L’impact est véritablement mondial et touche même des régions reculées comme l’Antarctique. Cependant, la majorité des impacts négatifs se concentrent sur les terres, notamment les forêts, les îles étant particulièrement vulnérables.
Implications de l’étude
Alors, que nous réserve l’avenir? Le professeur Roy suggère que dans des conditions de statu quo, le nombre total d’espèces exotiques poursuivra sa tendance à la hausse, stimulée par l’augmentation du commerce mondial et des déplacements humains.
Mais ce scénario ne donne peut-être même pas une image complète, car de multiples facteurs de changement devraient s’intensifier, amplifiant l’impact des espèces envahissantes.
Le changement climatique, en particulier, pourrait aggraver la situation, les plantes envahissantes pouvant entraîner des incendies de forêt plus intenses, entraînant une augmentation des émissions de CO2.
Cependant, les nouvelles ne sont pas toutes sombres. Le rapport suggère qu’avec une gestion ciblée et efficace, la menace posée par les espèces exotiques envahissantes peut être atténuée.
La prévention est la meilleure option
Le professeur Pauchard souligne avec optimisme que la prévention reste l’option la plus rentable, tandis que d’autres stratégies telles que l’éradication, le confinement et la restauration des écosystèmes s’avèrent également prometteuses dans des contextes spécifiques.
« La bonne nouvelle est que, pour presque tous les contextes et situations, il existe des outils de gestion, des options de gouvernance et des actions ciblées qui fonctionnent vraiment », a déclaré Pauchard.
« La prévention est sans aucun doute l’option la meilleure et la plus rentable – mais l’éradication, le confinement et le contrôle sont également efficaces dans des contextes spécifiques. La restauration des écosystèmes peut également améliorer les résultats des actions de gestion et accroître la résistance des écosystèmes aux futures espèces exotiques envahissantes.
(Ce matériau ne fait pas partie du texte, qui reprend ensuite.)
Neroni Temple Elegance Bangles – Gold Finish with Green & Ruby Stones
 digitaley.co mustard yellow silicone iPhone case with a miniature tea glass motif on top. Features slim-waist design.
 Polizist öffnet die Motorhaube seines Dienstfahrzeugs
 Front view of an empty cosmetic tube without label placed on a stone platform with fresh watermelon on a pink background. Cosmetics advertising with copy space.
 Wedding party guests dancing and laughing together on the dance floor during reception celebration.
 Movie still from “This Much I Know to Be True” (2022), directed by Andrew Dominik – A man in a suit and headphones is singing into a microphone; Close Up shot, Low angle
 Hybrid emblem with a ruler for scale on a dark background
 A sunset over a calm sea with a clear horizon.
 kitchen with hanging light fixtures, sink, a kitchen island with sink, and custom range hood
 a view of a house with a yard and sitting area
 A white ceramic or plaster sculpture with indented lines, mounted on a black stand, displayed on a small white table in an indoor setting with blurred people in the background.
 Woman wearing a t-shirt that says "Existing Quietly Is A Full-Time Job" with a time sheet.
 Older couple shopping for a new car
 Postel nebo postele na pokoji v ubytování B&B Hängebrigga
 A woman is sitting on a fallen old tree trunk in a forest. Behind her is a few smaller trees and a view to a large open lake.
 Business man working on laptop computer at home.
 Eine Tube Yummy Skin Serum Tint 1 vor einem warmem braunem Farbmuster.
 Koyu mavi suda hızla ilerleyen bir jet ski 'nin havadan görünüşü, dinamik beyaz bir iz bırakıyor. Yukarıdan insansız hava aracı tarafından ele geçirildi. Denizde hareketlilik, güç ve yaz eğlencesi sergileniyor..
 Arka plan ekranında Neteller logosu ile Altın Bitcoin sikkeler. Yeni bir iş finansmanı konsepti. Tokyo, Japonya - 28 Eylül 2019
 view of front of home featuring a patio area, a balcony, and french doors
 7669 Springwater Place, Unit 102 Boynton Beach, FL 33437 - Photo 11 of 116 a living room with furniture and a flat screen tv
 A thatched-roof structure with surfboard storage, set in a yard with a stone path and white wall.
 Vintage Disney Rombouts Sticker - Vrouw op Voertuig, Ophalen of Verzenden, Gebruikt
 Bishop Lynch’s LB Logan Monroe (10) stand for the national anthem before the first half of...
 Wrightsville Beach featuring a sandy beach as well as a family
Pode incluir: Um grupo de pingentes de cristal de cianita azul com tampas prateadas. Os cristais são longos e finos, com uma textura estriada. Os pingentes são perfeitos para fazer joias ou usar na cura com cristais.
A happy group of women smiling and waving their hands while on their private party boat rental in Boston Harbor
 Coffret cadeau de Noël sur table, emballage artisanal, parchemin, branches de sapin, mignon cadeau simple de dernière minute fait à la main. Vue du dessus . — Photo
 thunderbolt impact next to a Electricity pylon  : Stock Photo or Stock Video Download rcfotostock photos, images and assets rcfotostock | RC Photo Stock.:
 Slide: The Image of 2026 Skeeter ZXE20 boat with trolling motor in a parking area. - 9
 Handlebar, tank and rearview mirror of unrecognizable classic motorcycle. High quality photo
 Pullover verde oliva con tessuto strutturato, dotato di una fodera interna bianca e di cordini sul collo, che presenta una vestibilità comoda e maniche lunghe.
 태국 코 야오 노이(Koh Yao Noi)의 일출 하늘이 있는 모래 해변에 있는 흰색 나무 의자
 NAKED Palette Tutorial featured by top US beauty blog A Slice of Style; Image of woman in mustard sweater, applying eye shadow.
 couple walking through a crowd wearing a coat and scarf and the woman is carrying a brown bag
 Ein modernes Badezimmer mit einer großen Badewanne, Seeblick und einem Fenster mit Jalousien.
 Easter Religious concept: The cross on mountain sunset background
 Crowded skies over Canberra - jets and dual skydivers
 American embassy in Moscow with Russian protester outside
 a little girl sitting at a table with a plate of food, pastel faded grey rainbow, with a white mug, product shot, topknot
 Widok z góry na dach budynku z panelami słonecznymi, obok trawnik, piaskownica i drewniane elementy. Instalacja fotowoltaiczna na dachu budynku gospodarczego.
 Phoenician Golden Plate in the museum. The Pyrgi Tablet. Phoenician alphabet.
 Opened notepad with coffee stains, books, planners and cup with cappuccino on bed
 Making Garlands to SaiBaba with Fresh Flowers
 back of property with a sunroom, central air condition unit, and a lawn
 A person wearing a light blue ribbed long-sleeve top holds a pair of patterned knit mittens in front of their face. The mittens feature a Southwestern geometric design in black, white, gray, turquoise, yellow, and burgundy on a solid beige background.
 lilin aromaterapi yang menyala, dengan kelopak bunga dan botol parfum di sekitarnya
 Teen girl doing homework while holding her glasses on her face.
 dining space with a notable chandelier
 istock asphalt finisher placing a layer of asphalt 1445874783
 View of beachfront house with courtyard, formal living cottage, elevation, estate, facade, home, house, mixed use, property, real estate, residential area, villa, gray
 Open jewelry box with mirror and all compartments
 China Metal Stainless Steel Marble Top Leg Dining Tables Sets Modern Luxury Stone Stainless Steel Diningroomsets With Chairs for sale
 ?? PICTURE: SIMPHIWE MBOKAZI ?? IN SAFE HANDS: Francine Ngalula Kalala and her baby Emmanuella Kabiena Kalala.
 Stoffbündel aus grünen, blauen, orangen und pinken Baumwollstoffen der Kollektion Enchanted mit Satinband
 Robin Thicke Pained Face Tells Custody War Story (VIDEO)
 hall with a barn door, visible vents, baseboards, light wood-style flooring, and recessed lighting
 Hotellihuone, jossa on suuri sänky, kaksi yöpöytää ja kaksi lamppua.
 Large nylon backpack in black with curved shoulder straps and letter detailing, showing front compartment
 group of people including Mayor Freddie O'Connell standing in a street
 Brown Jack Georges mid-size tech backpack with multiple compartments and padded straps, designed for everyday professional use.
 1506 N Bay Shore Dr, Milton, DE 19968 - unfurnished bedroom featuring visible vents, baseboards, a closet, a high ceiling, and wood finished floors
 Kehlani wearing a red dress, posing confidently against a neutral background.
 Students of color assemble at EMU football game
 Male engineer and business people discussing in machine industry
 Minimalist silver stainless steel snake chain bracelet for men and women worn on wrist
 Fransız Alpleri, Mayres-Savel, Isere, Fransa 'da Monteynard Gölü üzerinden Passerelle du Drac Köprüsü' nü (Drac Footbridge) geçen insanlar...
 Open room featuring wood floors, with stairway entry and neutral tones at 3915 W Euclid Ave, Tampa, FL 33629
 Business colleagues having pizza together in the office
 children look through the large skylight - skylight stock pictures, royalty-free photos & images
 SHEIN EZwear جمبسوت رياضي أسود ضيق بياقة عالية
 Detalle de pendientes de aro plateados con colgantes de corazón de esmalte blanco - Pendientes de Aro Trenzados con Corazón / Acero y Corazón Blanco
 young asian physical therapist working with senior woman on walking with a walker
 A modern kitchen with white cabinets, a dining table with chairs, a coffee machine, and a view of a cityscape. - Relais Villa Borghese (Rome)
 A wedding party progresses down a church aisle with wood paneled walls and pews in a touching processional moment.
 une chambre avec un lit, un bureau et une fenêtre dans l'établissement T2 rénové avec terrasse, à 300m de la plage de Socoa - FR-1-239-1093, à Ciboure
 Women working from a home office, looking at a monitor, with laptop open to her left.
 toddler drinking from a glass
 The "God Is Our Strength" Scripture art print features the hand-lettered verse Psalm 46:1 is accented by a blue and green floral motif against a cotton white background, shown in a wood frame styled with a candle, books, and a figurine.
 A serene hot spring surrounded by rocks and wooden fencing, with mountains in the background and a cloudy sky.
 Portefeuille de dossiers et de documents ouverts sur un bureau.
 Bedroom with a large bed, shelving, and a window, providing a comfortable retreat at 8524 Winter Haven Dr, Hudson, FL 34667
En effet, la gestion des espèces exotiques envahissantes peut contribuer à atténuer les effets négatifs d’autres facteurs de changement.
Le rapport salue les efforts tels que les mesures de biosécurité à la frontière de l’Australasie, qui ont réduit la propagation de la punaise marbrée.
Des mesures insuffisantes
Bien que des efforts soient déployés pour résoudre ce problème, les mesures actuelles restent largement insuffisantes. Alors que 80 % des pays ont fixé des objectifs liés à la gestion des espèces envahissantes, seuls 17 % ont établi des lois ou des réglementations traitant de ce problème.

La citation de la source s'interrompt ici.